Extracted records:
---------------
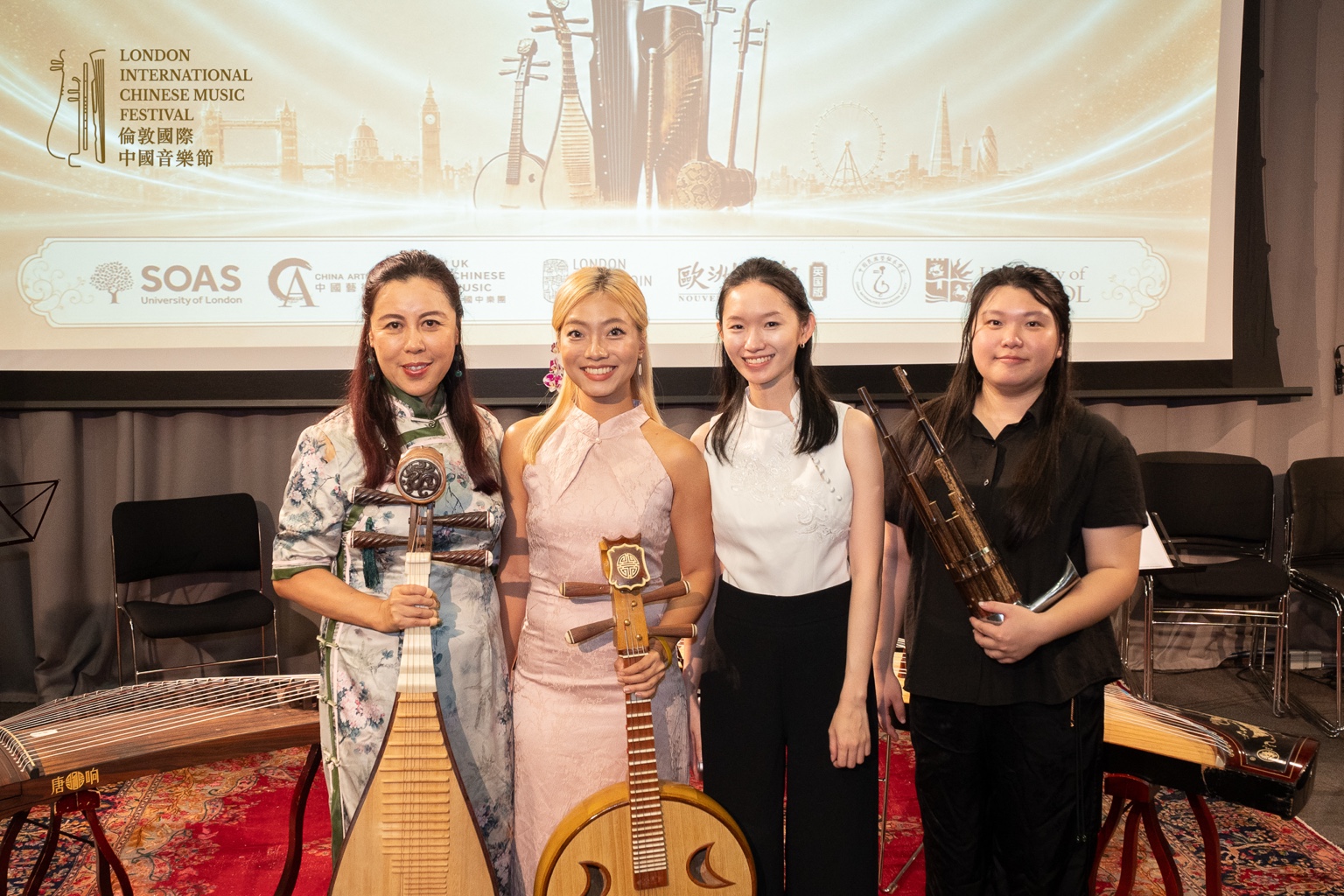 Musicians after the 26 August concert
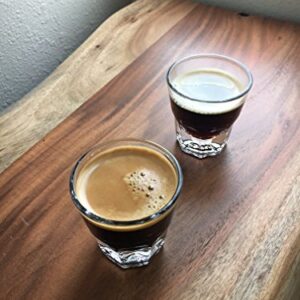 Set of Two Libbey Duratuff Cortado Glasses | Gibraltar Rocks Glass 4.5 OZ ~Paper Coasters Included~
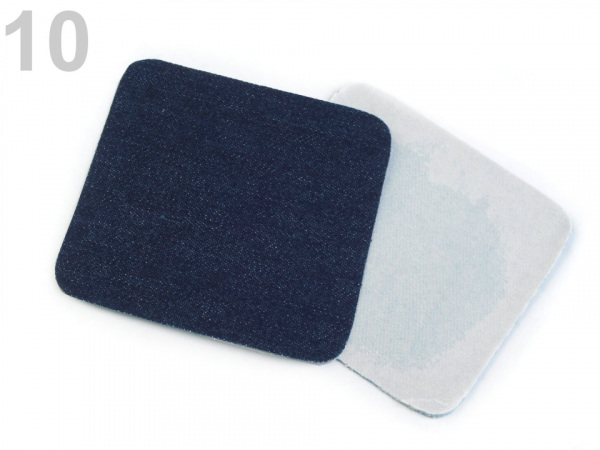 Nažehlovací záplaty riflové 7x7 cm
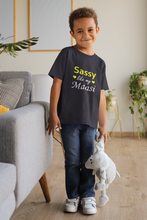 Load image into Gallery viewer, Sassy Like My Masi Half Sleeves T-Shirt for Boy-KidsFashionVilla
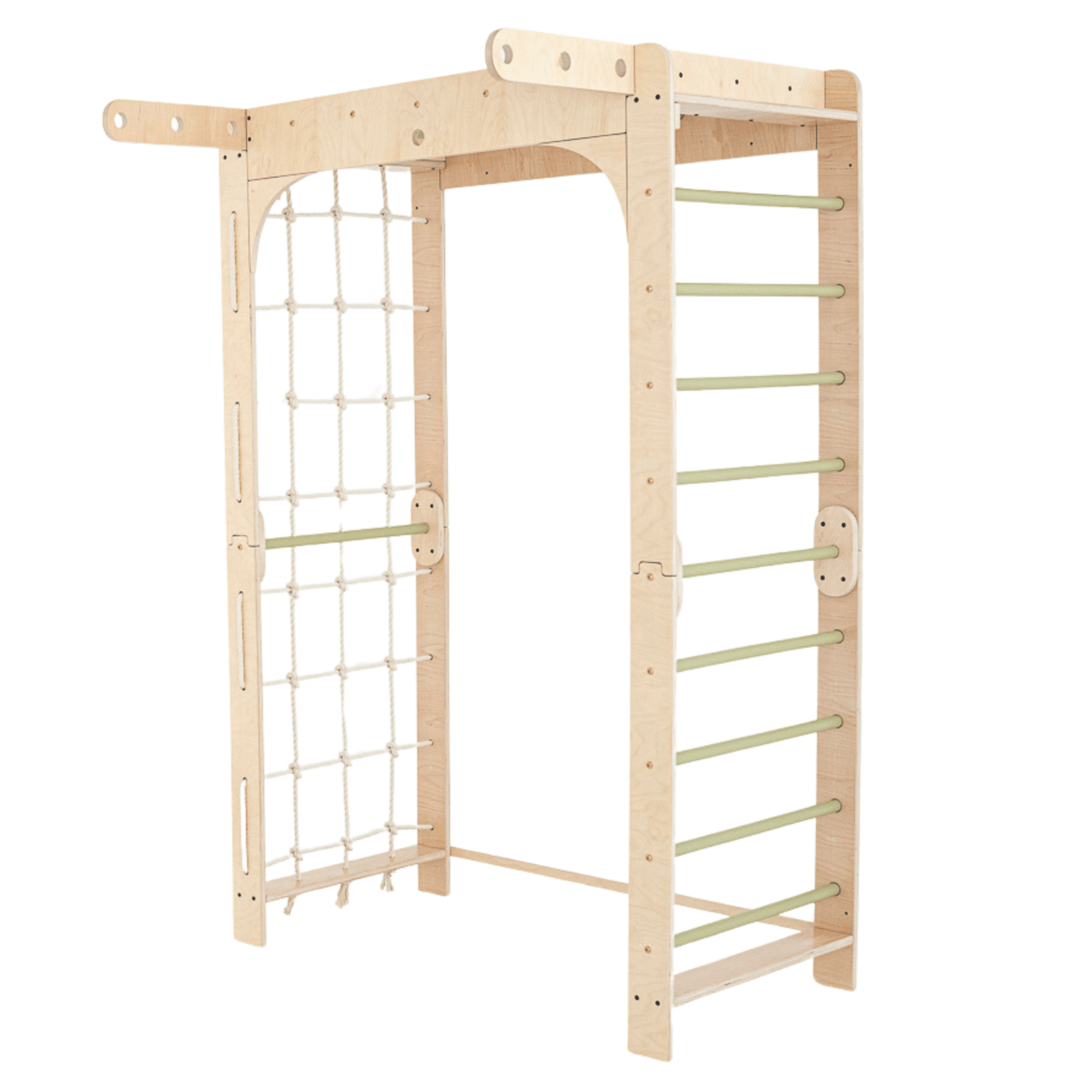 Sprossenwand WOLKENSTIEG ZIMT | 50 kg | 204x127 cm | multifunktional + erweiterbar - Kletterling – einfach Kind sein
---------------
- **What the task requires**
Omit the pictures; print the records above exactly.

- **Written response**
 Musicians after the 26 August concert
 Set of Two Libbey Duratuff Cortado Glasses | Gibraltar Rocks Glass 4.5 OZ ~Paper Coasters Included~
 Nažehlovací záplaty riflové 7x7 cm
 Load image into Gallery viewer, Sassy Like My Masi Half Sleeves T-Shirt for Boy-KidsFashionVilla
 Sprossenwand WOLKENSTIEG ZIMT | 50 kg | 204x127 cm | multifunktional + erweiterbar - Kletterling – einfach Kind sein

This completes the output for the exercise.